# Provided data:
———
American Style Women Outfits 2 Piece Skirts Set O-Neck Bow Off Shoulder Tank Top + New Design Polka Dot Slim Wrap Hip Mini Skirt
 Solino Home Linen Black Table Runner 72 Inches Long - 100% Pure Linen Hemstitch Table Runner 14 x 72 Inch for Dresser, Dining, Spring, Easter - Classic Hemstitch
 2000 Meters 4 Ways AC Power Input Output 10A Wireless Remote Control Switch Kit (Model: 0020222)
———
# Try it:
Retype the material above in full, keeping every word as it stands.

# Result below:
American Style Women Outfits 2 Piece Skirts Set O-Neck Bow Off Shoulder Tank Top + New Design Polka Dot Slim Wrap Hip Mini Skirt
 Solino Home Linen Black Table Runner 72 Inches Long - 100% Pure Linen Hemstitch Table Runner 14 x 72 Inch for Dresser, Dining, Spring, Easter - Classic Hemstitch
 2000 Meters 4 Ways AC Power Input Output 10A Wireless Remote Control Switch Kit (Model: 0020222)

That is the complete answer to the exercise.